START Given records
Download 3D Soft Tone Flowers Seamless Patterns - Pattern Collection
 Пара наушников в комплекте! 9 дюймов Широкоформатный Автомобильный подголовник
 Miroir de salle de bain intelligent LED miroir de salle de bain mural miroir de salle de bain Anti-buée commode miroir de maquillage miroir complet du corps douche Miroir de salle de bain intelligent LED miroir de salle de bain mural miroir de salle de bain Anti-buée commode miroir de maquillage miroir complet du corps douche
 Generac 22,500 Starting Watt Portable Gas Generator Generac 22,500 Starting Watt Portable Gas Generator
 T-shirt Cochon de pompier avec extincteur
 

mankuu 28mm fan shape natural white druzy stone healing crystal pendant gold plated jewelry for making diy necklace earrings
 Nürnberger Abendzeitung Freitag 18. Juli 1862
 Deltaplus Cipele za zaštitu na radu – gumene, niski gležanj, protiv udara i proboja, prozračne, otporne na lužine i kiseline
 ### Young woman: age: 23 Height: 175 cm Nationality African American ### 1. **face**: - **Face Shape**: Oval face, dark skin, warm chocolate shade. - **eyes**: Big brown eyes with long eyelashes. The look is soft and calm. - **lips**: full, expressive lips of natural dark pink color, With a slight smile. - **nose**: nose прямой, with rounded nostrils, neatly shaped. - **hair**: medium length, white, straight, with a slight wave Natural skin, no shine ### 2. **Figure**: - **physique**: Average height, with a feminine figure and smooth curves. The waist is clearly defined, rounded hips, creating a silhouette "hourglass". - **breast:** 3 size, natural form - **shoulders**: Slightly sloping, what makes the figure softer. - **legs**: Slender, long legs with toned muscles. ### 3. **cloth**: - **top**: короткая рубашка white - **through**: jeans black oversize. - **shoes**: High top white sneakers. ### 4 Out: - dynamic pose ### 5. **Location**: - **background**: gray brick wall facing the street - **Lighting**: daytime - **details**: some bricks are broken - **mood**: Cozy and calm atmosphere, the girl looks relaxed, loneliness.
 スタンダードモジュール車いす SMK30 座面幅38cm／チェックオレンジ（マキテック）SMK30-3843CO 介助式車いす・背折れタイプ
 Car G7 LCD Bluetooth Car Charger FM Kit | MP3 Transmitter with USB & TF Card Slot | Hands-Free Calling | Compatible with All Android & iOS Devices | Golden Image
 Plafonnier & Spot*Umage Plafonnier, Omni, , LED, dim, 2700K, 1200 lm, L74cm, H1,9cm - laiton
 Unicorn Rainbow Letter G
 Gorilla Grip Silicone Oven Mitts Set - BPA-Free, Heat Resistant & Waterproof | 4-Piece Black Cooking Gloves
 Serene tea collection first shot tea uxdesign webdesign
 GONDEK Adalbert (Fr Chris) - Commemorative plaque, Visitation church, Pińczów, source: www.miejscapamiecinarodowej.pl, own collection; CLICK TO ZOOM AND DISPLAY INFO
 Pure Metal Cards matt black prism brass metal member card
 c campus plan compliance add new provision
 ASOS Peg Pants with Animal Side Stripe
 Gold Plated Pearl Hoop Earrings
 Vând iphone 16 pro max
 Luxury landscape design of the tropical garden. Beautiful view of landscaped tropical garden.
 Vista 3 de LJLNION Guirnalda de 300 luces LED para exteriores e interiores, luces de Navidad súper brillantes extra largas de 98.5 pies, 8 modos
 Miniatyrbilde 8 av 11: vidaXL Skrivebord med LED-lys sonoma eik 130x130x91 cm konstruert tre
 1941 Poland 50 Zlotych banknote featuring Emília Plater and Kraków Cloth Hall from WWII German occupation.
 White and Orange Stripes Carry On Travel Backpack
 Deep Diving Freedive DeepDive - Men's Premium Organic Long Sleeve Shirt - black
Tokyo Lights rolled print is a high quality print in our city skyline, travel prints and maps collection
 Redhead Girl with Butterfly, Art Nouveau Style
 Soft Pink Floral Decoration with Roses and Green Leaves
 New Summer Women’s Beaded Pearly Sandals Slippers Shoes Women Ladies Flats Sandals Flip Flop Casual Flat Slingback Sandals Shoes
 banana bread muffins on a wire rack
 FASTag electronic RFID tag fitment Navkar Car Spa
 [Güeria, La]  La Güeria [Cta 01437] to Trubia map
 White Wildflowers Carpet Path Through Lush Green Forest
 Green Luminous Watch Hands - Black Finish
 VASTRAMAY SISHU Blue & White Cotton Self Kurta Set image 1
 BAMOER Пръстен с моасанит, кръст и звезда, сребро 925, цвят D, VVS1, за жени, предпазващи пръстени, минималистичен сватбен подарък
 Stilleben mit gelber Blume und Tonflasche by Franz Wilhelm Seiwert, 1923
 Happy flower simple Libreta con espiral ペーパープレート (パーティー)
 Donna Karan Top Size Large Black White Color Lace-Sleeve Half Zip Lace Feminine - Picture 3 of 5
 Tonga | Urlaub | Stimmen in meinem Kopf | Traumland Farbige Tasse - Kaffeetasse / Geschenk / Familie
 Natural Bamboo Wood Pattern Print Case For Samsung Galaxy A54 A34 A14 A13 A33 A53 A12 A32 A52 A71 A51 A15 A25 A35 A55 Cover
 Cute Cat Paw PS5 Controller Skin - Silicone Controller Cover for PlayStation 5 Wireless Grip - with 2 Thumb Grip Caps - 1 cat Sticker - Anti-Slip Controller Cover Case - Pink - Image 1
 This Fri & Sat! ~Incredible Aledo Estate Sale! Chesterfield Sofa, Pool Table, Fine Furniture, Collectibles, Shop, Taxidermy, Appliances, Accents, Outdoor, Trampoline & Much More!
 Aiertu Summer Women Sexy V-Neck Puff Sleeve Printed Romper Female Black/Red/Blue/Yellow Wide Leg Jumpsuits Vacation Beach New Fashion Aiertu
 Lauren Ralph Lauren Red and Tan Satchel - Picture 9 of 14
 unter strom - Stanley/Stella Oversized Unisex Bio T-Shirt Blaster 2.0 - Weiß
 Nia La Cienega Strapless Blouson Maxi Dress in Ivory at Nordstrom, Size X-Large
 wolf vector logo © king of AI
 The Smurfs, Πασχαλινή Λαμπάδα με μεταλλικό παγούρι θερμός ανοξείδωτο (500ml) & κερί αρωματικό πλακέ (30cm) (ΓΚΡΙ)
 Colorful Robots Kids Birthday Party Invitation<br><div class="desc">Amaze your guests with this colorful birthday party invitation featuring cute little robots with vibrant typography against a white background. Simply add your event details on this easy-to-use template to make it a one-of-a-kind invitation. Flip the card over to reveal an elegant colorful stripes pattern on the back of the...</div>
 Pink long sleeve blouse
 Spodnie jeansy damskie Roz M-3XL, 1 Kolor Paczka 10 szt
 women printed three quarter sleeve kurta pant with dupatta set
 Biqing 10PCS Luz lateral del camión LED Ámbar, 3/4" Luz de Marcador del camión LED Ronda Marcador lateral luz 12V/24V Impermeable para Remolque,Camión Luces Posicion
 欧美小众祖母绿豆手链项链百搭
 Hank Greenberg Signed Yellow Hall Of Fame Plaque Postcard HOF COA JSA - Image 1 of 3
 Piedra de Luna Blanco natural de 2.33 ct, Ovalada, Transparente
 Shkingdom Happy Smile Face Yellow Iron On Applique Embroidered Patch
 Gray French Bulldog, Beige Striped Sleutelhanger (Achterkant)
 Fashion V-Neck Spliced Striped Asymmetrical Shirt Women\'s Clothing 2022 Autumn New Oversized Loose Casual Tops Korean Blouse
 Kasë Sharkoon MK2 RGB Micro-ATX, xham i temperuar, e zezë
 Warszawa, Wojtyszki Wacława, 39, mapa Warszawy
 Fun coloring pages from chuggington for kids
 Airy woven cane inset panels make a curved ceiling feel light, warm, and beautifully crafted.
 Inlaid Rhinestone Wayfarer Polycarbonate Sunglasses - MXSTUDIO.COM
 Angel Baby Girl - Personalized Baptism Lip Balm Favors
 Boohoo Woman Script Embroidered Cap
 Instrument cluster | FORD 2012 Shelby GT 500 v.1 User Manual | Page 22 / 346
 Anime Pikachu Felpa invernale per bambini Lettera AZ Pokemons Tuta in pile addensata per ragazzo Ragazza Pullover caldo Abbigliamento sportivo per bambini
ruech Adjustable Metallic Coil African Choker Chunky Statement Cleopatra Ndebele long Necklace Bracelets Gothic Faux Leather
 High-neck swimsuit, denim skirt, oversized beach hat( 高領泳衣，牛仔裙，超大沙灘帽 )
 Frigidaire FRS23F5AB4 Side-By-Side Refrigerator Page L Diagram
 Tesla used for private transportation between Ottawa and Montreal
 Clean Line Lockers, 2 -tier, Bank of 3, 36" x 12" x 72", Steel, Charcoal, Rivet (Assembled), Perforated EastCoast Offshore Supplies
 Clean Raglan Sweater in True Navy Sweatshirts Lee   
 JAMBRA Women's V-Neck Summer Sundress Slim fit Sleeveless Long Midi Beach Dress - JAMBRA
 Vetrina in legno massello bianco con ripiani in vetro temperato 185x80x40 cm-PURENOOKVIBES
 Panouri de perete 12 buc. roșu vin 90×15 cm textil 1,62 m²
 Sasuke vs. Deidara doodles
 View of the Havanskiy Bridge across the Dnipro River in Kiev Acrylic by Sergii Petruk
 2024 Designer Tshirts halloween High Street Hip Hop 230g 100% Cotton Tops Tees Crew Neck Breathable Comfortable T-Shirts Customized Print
END Given records
**Task to carry out**. What are the lines above, starting at the one with "Warszawa, Wojtyszki Wacława, 39, mapa" and ending at the one with "Tesla used for"? Give them again exactly, and only them.

**Written solution**.
 Warszawa, Wojtyszki Wacława, 39, mapa Warszawy
 Fun coloring pages from chuggington for kids
 Airy woven cane inset panels make a curved ceiling feel light, warm, and beautifully crafted.
 Inlaid Rhinestone Wayfarer Polycarbonate Sunglasses - MXSTUDIO.COM
 Angel Baby Girl - Personalized Baptism Lip Balm Favors
 Boohoo Woman Script Embroidered Cap
 Instrument cluster | FORD 2012 Shelby GT 500 v.1 User Manual | Page 22 / 346
 Anime Pikachu Felpa invernale per bambini Lettera AZ Pokemons Tuta in pile addensata per ragazzo Ragazza Pullover caldo Abbigliamento sportivo per bambini
ruech Adjustable Metallic Coil African Choker Chunky Statement Cleopatra Ndebele long Necklace Bracelets Gothic Faux Leather
 High-neck swimsuit, denim skirt, oversized beach hat( 高領泳衣，牛仔裙，超大沙灘帽 )
 Frigidaire FRS23F5AB4 Side-By-Side Refrigerator Page L Diagram
 Tesla used for private transportation between Ottawa and Montreal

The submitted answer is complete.